Records shown
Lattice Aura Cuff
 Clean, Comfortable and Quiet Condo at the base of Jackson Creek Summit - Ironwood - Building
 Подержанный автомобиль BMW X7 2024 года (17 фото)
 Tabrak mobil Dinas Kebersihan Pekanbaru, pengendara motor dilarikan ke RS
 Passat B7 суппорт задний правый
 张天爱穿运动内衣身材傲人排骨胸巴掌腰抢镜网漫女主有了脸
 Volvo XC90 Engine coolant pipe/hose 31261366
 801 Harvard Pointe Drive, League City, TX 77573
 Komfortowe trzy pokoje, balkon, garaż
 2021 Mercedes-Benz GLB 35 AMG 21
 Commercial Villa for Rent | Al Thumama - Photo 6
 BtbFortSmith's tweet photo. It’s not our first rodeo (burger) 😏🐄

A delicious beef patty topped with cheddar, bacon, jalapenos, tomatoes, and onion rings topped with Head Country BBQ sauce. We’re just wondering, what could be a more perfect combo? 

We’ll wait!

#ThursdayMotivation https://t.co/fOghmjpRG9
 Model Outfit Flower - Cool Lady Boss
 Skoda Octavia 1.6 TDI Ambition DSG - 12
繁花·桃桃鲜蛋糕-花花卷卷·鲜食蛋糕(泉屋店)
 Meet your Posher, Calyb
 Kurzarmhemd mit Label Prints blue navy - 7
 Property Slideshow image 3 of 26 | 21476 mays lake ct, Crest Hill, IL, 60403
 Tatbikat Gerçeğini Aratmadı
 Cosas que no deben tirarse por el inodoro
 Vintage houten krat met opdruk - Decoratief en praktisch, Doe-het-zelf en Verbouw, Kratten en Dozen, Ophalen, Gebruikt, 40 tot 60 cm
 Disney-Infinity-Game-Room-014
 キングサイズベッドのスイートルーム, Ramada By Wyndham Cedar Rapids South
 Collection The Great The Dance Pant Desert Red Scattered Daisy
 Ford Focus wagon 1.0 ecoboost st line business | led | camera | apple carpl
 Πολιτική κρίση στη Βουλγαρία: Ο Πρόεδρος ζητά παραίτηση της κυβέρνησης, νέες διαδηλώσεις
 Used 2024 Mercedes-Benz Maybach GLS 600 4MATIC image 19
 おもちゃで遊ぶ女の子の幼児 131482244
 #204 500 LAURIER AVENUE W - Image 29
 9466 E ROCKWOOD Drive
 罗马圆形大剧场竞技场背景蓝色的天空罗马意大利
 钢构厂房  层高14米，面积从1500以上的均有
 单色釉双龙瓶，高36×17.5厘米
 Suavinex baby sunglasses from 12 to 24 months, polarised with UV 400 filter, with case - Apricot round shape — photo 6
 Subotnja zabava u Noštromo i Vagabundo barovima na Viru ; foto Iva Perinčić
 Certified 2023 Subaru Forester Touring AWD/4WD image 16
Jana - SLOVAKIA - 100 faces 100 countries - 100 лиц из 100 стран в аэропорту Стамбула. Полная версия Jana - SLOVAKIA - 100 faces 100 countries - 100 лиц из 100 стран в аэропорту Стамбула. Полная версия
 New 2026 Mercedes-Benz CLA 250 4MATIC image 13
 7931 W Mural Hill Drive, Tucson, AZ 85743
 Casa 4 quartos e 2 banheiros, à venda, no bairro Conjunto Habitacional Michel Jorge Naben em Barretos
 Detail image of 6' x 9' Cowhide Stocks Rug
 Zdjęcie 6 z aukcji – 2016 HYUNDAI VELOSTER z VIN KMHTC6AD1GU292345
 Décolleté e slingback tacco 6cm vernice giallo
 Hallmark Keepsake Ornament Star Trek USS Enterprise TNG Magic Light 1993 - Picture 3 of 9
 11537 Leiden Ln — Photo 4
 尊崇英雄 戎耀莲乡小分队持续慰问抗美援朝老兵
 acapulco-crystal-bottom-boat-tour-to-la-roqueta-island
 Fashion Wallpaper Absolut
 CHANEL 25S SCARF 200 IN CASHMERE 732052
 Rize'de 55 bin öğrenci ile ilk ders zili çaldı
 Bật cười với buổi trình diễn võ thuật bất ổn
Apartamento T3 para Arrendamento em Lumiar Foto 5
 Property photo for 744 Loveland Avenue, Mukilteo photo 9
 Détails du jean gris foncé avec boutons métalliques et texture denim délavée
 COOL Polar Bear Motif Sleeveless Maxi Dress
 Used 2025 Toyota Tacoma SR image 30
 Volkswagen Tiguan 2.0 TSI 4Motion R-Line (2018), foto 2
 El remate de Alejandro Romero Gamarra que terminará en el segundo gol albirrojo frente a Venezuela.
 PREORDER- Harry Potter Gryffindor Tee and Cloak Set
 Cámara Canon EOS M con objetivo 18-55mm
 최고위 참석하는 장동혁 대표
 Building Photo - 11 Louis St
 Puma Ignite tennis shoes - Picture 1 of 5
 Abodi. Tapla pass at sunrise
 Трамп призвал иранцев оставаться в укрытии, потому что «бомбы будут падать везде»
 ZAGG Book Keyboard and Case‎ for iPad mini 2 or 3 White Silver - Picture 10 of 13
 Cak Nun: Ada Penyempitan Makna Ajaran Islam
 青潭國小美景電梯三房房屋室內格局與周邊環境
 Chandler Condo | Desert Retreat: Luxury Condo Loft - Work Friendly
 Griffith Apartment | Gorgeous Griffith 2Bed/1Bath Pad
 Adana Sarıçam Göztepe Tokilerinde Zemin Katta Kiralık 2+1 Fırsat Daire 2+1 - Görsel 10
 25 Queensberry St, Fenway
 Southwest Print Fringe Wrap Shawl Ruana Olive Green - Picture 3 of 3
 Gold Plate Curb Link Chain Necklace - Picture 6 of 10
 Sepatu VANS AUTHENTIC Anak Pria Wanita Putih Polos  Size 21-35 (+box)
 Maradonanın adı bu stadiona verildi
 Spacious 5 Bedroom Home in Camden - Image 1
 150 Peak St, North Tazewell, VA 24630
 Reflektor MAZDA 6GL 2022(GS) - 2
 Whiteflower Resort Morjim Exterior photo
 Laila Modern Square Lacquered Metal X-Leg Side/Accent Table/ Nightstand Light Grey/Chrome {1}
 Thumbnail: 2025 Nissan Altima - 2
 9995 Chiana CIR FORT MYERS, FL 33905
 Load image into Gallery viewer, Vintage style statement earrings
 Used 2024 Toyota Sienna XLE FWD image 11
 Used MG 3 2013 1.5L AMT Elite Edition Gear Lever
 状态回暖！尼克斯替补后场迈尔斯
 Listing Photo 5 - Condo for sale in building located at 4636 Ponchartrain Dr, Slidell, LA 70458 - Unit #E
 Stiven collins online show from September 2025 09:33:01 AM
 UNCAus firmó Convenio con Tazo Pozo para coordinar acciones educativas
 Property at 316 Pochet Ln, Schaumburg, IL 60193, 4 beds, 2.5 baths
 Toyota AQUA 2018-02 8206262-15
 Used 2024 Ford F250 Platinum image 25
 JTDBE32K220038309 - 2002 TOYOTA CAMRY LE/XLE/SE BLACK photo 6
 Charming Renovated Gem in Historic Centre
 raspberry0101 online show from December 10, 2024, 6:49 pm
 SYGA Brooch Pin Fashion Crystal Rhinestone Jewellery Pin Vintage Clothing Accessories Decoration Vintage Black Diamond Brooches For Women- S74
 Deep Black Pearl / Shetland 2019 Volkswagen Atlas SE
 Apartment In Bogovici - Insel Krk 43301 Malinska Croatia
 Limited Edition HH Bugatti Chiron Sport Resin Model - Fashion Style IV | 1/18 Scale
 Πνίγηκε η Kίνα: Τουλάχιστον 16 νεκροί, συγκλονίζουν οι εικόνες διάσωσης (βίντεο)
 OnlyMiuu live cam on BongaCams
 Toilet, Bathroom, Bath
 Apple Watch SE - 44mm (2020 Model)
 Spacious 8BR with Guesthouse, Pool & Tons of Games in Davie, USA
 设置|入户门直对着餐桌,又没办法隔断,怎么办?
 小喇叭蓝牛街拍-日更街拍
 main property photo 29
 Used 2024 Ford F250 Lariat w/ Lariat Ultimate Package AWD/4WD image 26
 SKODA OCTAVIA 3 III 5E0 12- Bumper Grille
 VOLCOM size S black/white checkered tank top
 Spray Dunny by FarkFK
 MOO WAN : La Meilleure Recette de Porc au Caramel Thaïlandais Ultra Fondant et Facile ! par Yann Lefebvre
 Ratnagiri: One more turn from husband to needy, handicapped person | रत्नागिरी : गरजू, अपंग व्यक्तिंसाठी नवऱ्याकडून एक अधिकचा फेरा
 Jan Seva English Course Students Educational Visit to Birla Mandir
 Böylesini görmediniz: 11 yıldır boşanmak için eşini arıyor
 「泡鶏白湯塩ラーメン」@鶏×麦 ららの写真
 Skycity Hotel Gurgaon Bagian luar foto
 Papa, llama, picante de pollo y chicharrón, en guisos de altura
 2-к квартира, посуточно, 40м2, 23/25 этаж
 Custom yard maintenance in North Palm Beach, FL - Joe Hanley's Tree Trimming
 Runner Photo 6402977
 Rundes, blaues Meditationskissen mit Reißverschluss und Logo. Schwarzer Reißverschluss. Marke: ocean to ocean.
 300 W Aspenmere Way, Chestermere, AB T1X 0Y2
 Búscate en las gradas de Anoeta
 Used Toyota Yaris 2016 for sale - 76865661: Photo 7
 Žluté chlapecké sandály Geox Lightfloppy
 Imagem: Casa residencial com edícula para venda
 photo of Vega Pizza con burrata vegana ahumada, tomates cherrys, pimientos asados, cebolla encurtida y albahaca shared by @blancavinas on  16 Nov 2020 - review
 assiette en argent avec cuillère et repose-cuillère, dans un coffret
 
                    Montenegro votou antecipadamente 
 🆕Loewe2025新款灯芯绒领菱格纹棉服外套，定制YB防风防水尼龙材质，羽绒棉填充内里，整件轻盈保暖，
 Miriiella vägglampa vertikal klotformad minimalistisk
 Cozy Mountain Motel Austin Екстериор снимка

Task brief
Only the lines from the one holding "Miriiella vägglampa vertikal" through the end of the records should appear in the answer, each repeated exactly.

Output below
 Miriiella vägglampa vertikal klotformad minimalistisk
 Cozy Mountain Motel Austin Екстериор снимка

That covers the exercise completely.